Many other African countries followed Kenya's unwise decision to pass intellectual property law that only benefited pharmaceutical multinationals, so maybe some of them will reconsider this now. Perhaps they will also get behind MSF and any other organisations involved in campaigning for fair economic conditions for developing countries. Tanzania and others are wondering how they will fare now that so much donor funding has been cut, with the global economic crisis being used as an excuse. They will do a lot better when they exercise their right to purchase generic drugs, rather than wasting the ample HIV funding on extortionately priced brands.
Multinationals and other pushers are constantly bleating about how people in developing are suffering and all rich country governments need to do is pay for their products for things to be ok. But there just isn't enough money to buy branded products, nor is there any necessity to do so. Much of the current HIV transmission in developing countries is preventable, especially transmission from mother to child. But despite the relevant drugs being available for many years, an estimated 43,000 babies were infected by their mothers in Tanzania in 2008 alone. Of the 217,704 new infections, many more would have been the result of lack of proper equipment for ensuring proper levels of medical safety. Tanzania need to find affordable drugs and medical equipment so that they can get by with less money.
The issue of intellectual property protectionism goes far beyond essential drugs and medications. Most household product markets in Kenya and other African countries are dominated by one single brand or a handful of brands, for example, soap, sanitary pads, diapers, cleaning materials, etc. These brands are unnecessarily expensive but one disinfectant soap manufacturer even claims that using their soap makes you and your children 100% healthier. Such claims, leading people to believe that they are harming their families if they don't use these products, are widely advertised. That is where much of the money made by multinationals is spent; it's spent on marketing and advertising, not on research, as they would like us to believe.
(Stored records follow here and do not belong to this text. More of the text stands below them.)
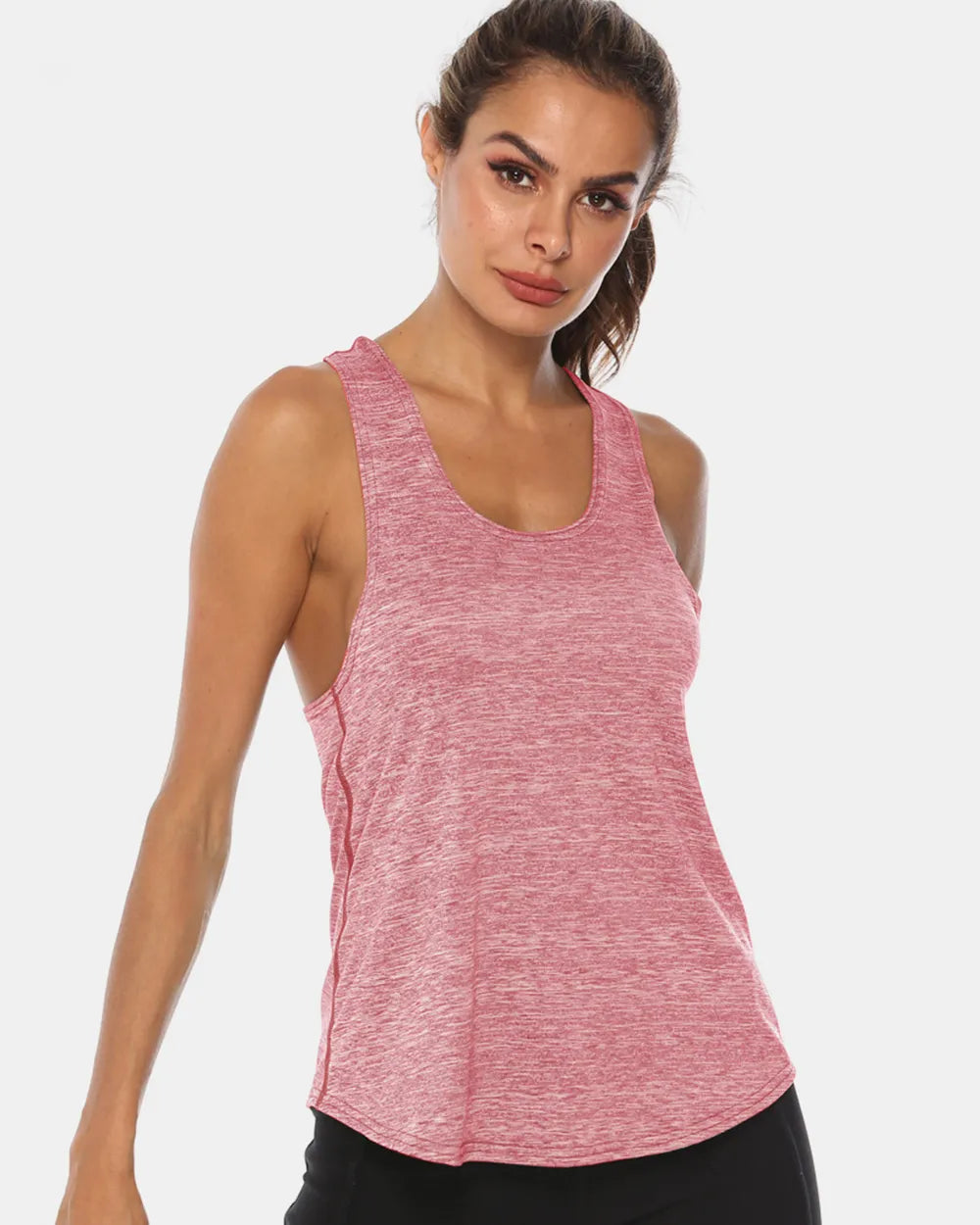 Full Size Scoop Neck Wide Strap Active Tank Blush Pink - Fashorio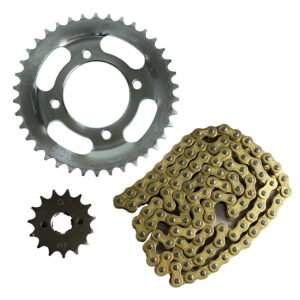 ENGRANE 38X15 CADENA 428X108L DORADO CONCAVO SET VENTO RYDER 150 (20-21) / HONDA CGL 125 TOOL (12-19) CHOHO
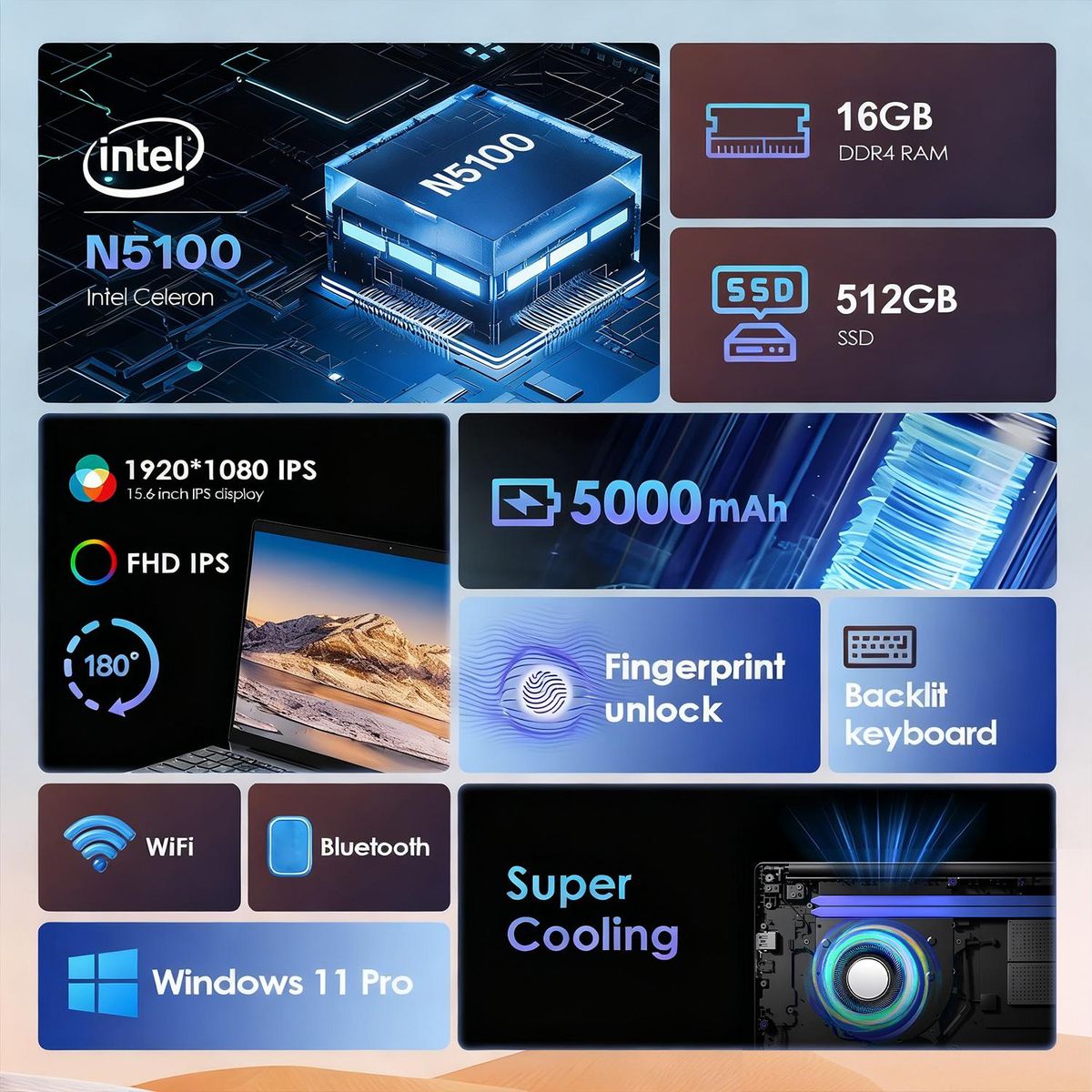 GENERAL - GXMO T152J Laptop 15.6 16GB 512GB Windows 11 Pro Gris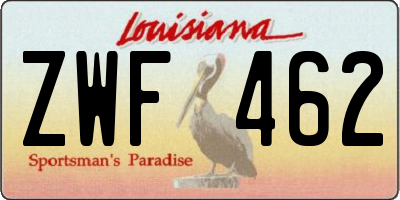 LA license plate ZWF462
Let multinationals do their own dirty work, they should not be entitled to donor money that is supposed to be spent on needy people. If these organisations are bothered by competition from generics, let them put their prices down and learn how to compete, for a change. They love talking about competition but they usually operate in completely protected environments. And if they think those producing fakes are worth fighting, they could just lower their prices enough so that it is no longer worth while producing fakes. Fakes are only economic when the cost of making the goods is low but the price charged is high. Multinationals should start abiding by some of the principles they seem to think are so important. They have priced themselves out of the market that they have worked so hard to rig in their favour.
Countries like Kenya and Tanzania are right to be worried about reduced funding but there are two things that may work in their favour. Firstly, if they are less dependent on donor funding, they may be better able to shop around for affordable drugs and other vital goods. At present, donors usually decide which drugs and goods to purchase and they favour their own markets. That's what being a donor is all about, isn't it! Secondly, they may find ways of achieving even more with less money once they are freed of all the restrictions that foreign loans and donations often carry. This is not an argument for reducing funding, which I think should be increased. But it is an argument for funding to become more transparent, more democratic, more like genuine funding than merely a tool for benefiting the donor far more than the recipient, as it appears now.